Task to carry out
I would like the entries transcribed word for word, please, with the pictures removed.

::: Provided records :::

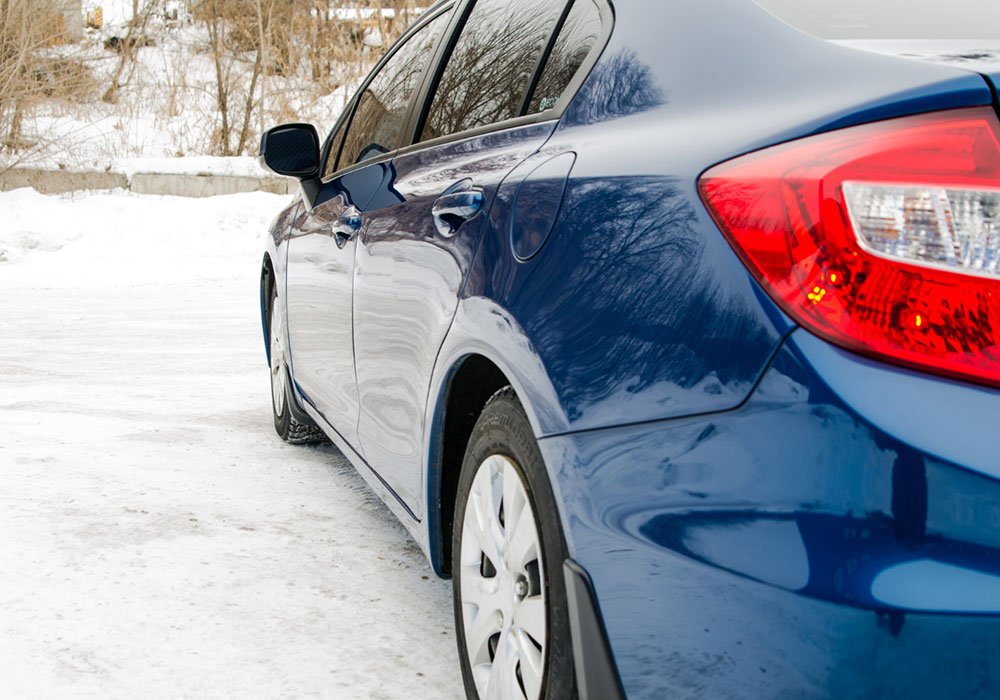 A car in snow, awaiting a winter check.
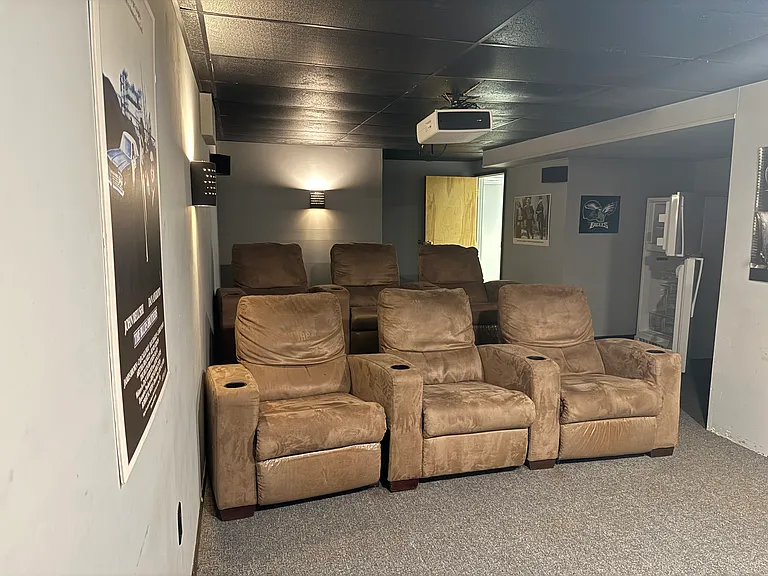 Theater room with extra refrigerator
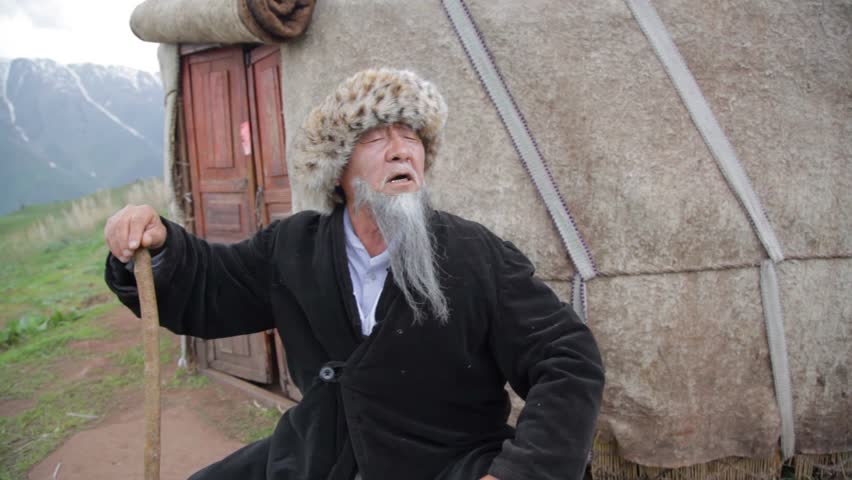 A mysterious old man stands on a rock and stares intently. A man in Kyrgyz national clothes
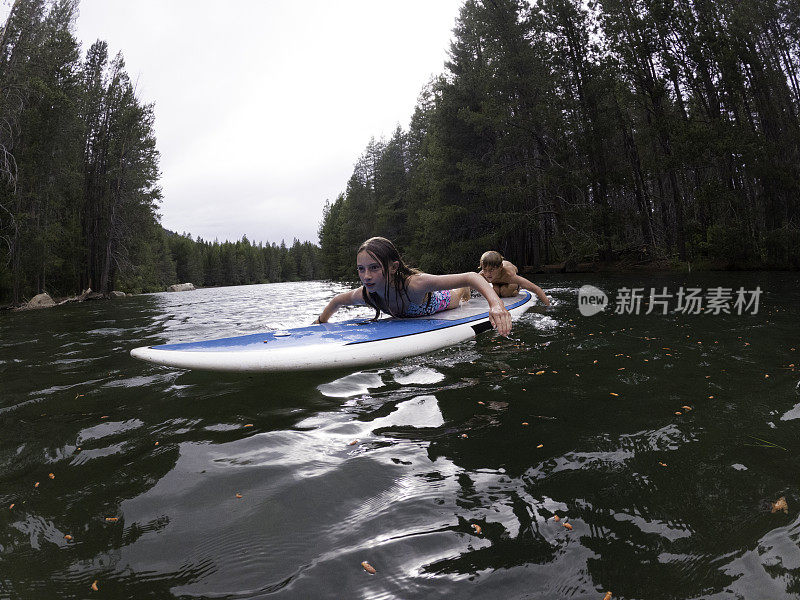 母亲和孩子们在湖上玩桨板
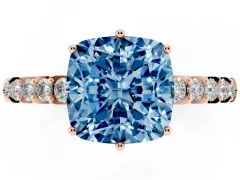 Fancy Blue Cushion Cut Diamond Solitaire Engagement Ring Set in Rose gold with Pavé Band and Prong Setting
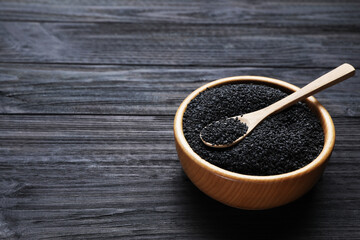 Bowl and spoon with black sesame seeds on wooden table, space for text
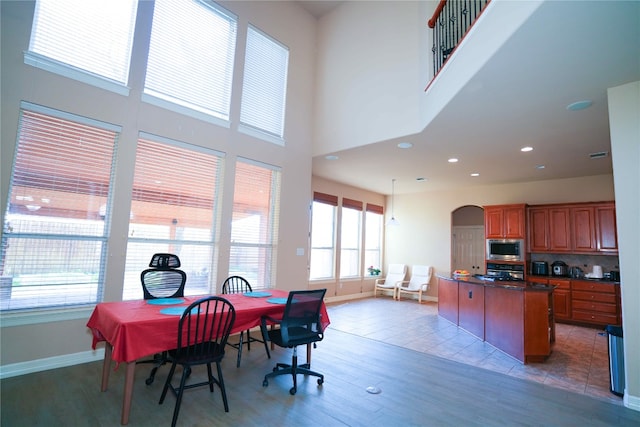 11608 Spicewood Pkwy Unit 38, Austin, TX 78750 - dining room with arched walkways, light wood-type flooring, a high ceiling, and recessed lighting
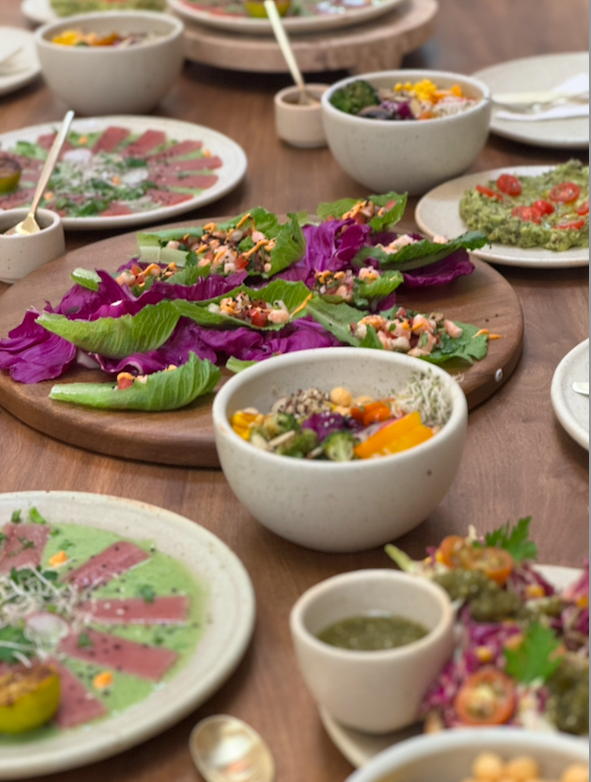 A variety of colorful dishes on a wooden table, including leaf-wrapped appetizers on a serving board, green salad with dressing in bowls, and a plate with sliced meat drizzled with a green sauce.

:::

Task result
 A car in snow, awaiting a winter check.
 Theater room with extra refrigerator
 A mysterious old man stands on a rock and stares intently. A man in Kyrgyz national clothes
 母亲和孩子们在湖上玩桨板
 Fancy Blue Cushion Cut Diamond Solitaire Engagement Ring Set in Rose gold with Pavé Band and Prong Setting
 Bowl and spoon with black sesame seeds on wooden table, space for text
 11608 Spicewood Pkwy Unit 38, Austin, TX 78750 - dining room with arched walkways, light wood-type flooring, a high ceiling, and recessed lighting
 A variety of colorful dishes on a wooden table, including leaf-wrapped appetizers on a serving board, green salad with dressing in bowls, and a plate with sliced meat drizzled with a green sauce.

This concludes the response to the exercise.